In this part of the process, where operators make changes to affect provisioning and topology, machine learning can also play a role, helping network operators answer “what if” questions about how changes to network configuration ultimately affect other facets, such as traffic volumes along different paths, and even application performance. For example, large content distribution networks such as Google have used machine learning to help predict how search response time might be affected by the deployment of additional web caches.

Coding and Rate Control¶

A very active area in networked systems and applications today is the development of data encoding schemes that measure network conditions and adapt encoding in real time, to deliver content efficiently. Network conditions such as packet loss and latency can vary over time for many reasons, such as variable traffic loads that may introduce congestion.
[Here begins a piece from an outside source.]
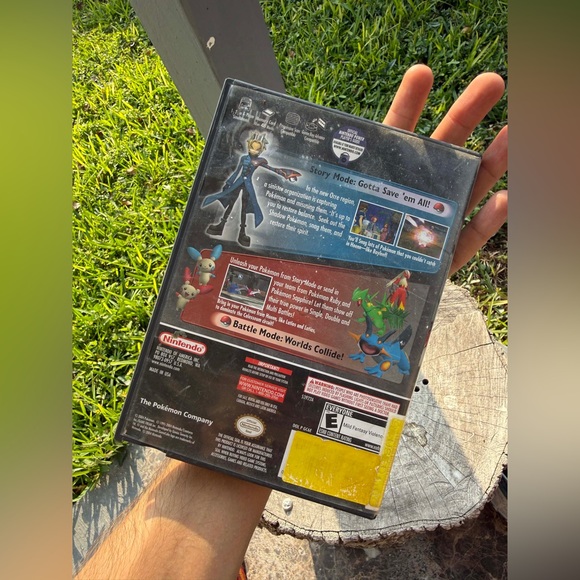 Box only Pokemon Colosseum (Player's Choice) - (GC) GameCube NO DISK !!! - Picture 3 of 13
In such scenarios, when conditions change, the senders and receivers of traffic may want to adapt how data is coded, to maximize the likelihood that the data is delivered with low latency, at the highest possible quality.

Common applications where this problem arises include both on-demand and real-time video streaming. In both cases, users want to receive a high quality video. Yet, the network may delay or lose packets, and the receiving client must then either decode the video with the data it receives or wait for the lost data to be retransmitted (which may not be an option if retransmission takes too long). In the past, common encoding schemes would measure network conditions such as loss rate and compute a level of redundancy to include with the transmission, in advance. Yet, if that encoding was done ahead of time and the network conditions change again, then inefficiencies can arise—with either excess data being sent (if the loss rate is less than planned) or the client receiving a poor quality stream (if the loss rate is higher than planned).

Emerging machine-learning based approaches use techniques like reinforcement learning to determine how to encode a video stream so that the client can receive a high-quality stream with low latency, even as network conditions change. In addition to encoding content according to changing network conditions, a sender can also adapt its sending rate in response to changing network conditions (a process known as congestion control). Research has shown that, in some circumstances, a sender can adjust its sending rate in ways that optimize a pre-defined objective function in response to changing network conditions. While the early incarnations have applied game theory to achieve this optimization, the fundamental questions involve the learnabiity of congestion control algorithms, and to what extent they can out-perform manually designed ones.